Absurdities of the Juicero and Libraries

Juicero, circa 2013
Though Julia Glassman is no longer a librarian, her brilliant article, The Innovation Fetish and Slow Librarianship continues to influence the way I view the absurdity of academic libraries during my tenure in this profession.   The article deserves much more attention than I think it gets.   It uses the analogy of a now-defunct and short-lived fad by drawing parallels between the failed Juicero Inc., a Silicon Valley startup producing an expensive and impractical juicing machine, and the pressures faced by academic librarians to constantly innovate in their roles. 

The Juicero, initially marketed as an innovative internet-connected device, was later revealed to be unnecessary as users could achieve the same result by squeezing the juice bags with their hands. The author sees the Juicero as a symptom of late capitalism, emphasizing the pressure for constant innovation in a market saturated with gadgets.

The author relates this to the academic librarian's environment, where career advancement relies on showcasing innovation.  I've certainly experienced this myself, having been caught up in the euphoria of Web 2.0, Library 2.0 and the semantic web just a decade ago -- a sign of the obsession with innovation in academic librarianship, driven by a corporatized academia that prioritizes measurable achievements and publications.  The pressure to constantly innovate, often for its own sake, can lead to impractical projects that consume time and resources without addressing genuine needs.

Glassman recounts a scenario where MLIS students suggested changing a popular reading collection to be less "object-centric" without providing a clear vision for the alternative.  Thus, the rush for constant innovation can result in ideas that lack practicality and fail to meet the actual needs of patrons.   

The author reflects on personal experiences of succumbing to the pressure to innovate, even when existing methods were effective.  The obsession with innovation is deeply ingrained in the academic librarian profession, fueled by the need for immediate and tangible outcomes to justify investments.   I've witnessed this myself, playing a hand in accepting directives while secretly scratching my head at the logic of decisions.

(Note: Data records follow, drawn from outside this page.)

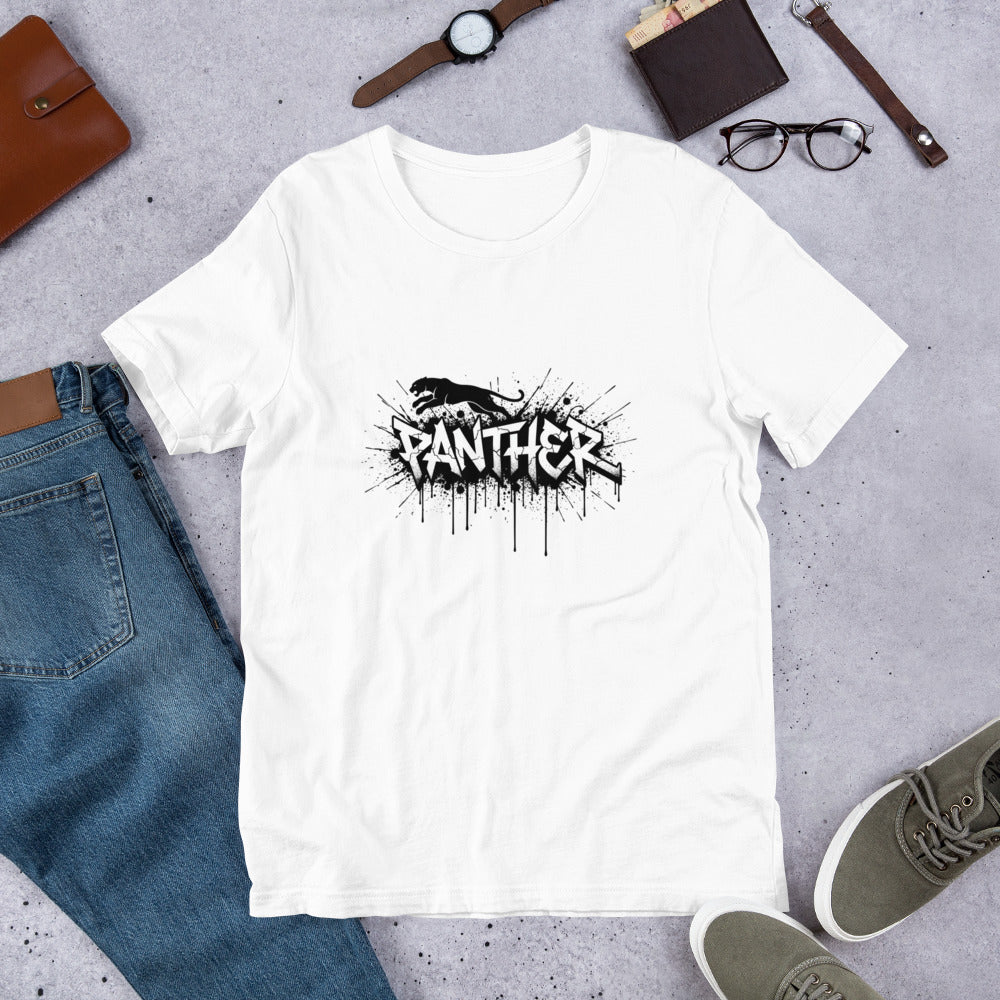 Men's white t-shirt laid flat with 'PANTHER' panther logo graphic
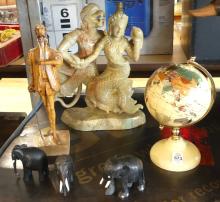 CARVINGS AND GLOBE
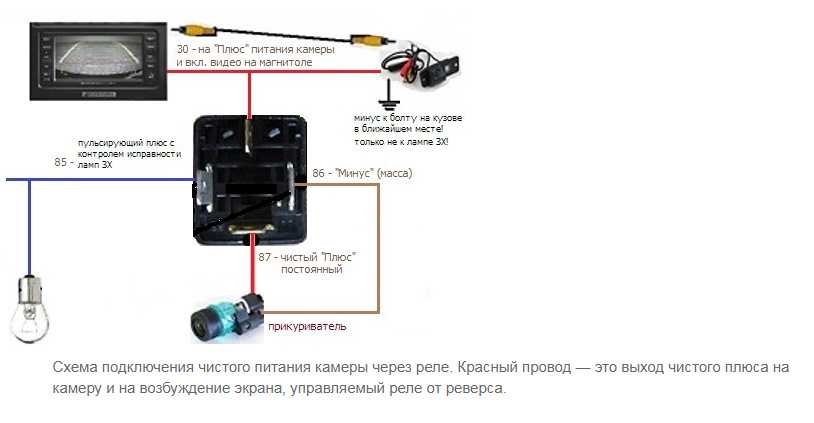 Подключение магнитолы через реле схема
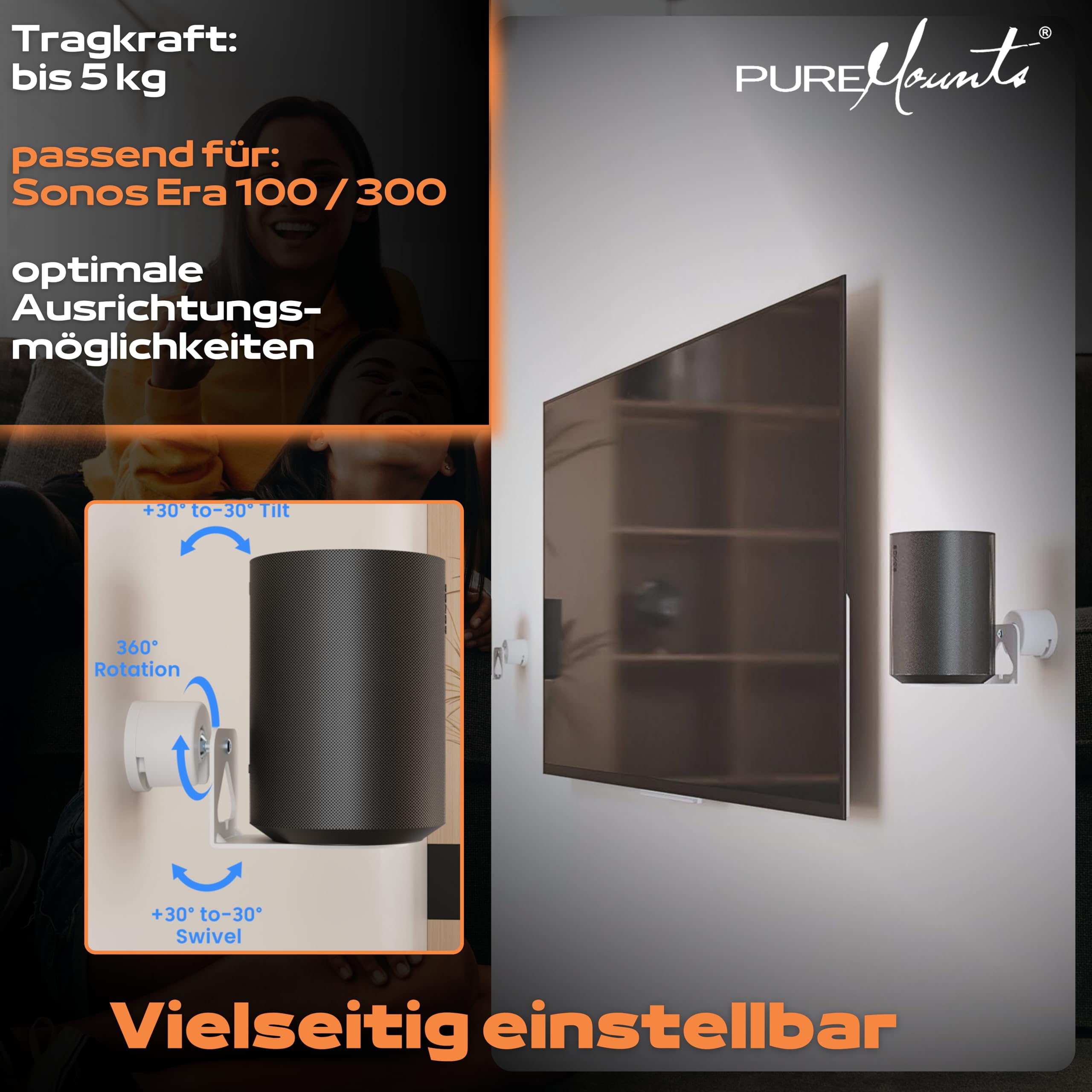 PureMounts Luidsprekerhouder voor Sonos Era 100 & 300, luidspreker-wandhouder met kabelmanagement, zwenkbaar /- 30°, kantelbaar 0/-30°, draagvermogen 5kg, wit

I recall one instance of securing an iPad against the pillar in the middle of the library with no purpose other than it looked "innovative" to do so.   It was stolen the next day and quickly ended the innovative and expensive experiment.   Interestingly, the computer workstations adjacent to the iPad seemed to do just fine the decade before and the decade after the stolen iPad initiative. 

As a solution, the article proposes looking to the Slow Movement for guidance, advocating for a Slow Librarianship approach that prioritizes reflection and meaningful practices over a constant pursuit of impressive achievements. This alternative approach aims to provide deeper, more lasting, and more human services to patrons by rejecting the constant need for innovation and allowing for more thoughtful and responsive practices.  It's something that I'm still trying to integrate into my own work and approach to my life.   It's always a work in progress.   Thankfully, it's not considered innovative.

1 comment:

Jean said...

Interesting... about innovation just for the sake of employee performance on tenure track.

We need another moniker than "slow librarianship". Something akin to "What Works" or Customer-Focused Librarianship. I know. Ir sounds dull but in light of AI and other information literacy challenges right now, there is now a special urgency for the library profession press onward and focus hard. Imagine trying to each very young/yet to be born generations who will increasingly be challenged to distinguish info.created by a human being vs. AI.